Prayer in Public

Since the election, there has been even more about the issue of prayer in school on my social media feeds.

Here’s my viewpoint on this.

When I moved to Texas in my junior year of HS (January 1978), I had my first taste of prayer in school and it has left a lifelong bad taste in my mouth for any sort of public prayer.

The school used to do the prayer over the loudspeaker every day. Every day it was “in the name of Jesus”. I had never experienced this in my 17 years. We never had prayer in school in New York City. Not ever. We did salute the flag every day. But prayer? No. Never.

Every day in an Arlington, Texas, public high school, however, the Jewish girl that I am was subjected to a Christian prayer. Every single day I felt dirty and ashamed. I only told my mom about this for the first time last week. This was almost 40 years ago and I didn’t want to talk about it until recently.

Now when I’m asked in public meetings and events to bow my head, I don’t. (I only ever bow in Temple for those prayers that call for the bend of the knee and the bowing of the entire upper body.)

And during that public prayer, I wait for it — that “in Jesus’s name”. And I get that clench in my stomach and the tightness in my jaw because I know it’s coming. And I’m surprised on the rare occasions that it doesn’t. But that awful feeling, even as a 55 year old adult never leaves me.

Over the years I’ve tried to rationalize it. “They don’t mean to be exclusive.” “They don’t know better.” “I just ignore the ‘in Jesus’ part and remind myself that I believe in God.” Or in those instances where the leader just says “In his name” I ┬ásay to myself that it doesn’t really mean “Jesus” when they say “his” but the truth is, they are saying”in His name” and they do, indeed, mean “Jesus”.

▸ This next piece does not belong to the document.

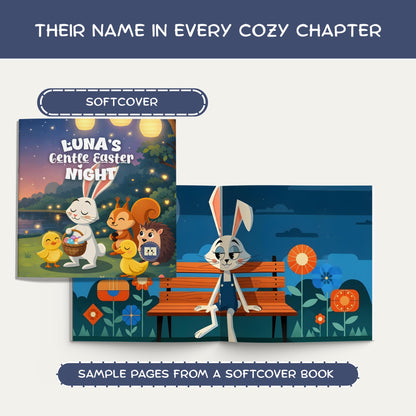Baby's 1st Easter, First Easter Gift, Baby Gift for Easter, Easter Personalized Children's Book For Boy & Girls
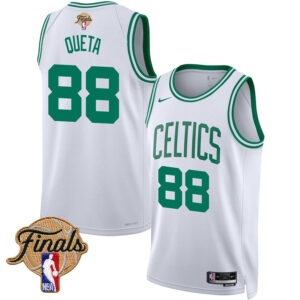 Neemias Queta 88 Boston Celtics 2024 FINALS PATCH Swingman Jersey - Association Edition - White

All of my rationalizations don’t help. The lack of understanding of how that prayer is not my prayer; that I don’t want to pray in the name of Jesus. That I am sitting in a public meeting and don’t want to have to even make myself rationalize my feelings to make this situation palatable. Hey, if I was sitting in a church or a private club meeting, or someone’s private home, sure! I expect the prayer and I just sit quietly and take everyone’s hands as asked and be respectful as respectful can be.

But in a public meeting, and in the instances when I’m a member of a non-religious organization that insists on having prayer before the meeting or meal, it takes everything I have to stay quiet anymore. Because let me state this unequivocally — I am a Jew. I am not Christian. I do not believe that Jesus is God and I sure as heck don’t want to pray to Jesus. That you do is okay. It’s your religion — believe what you want to believe. Just don’t make me follow.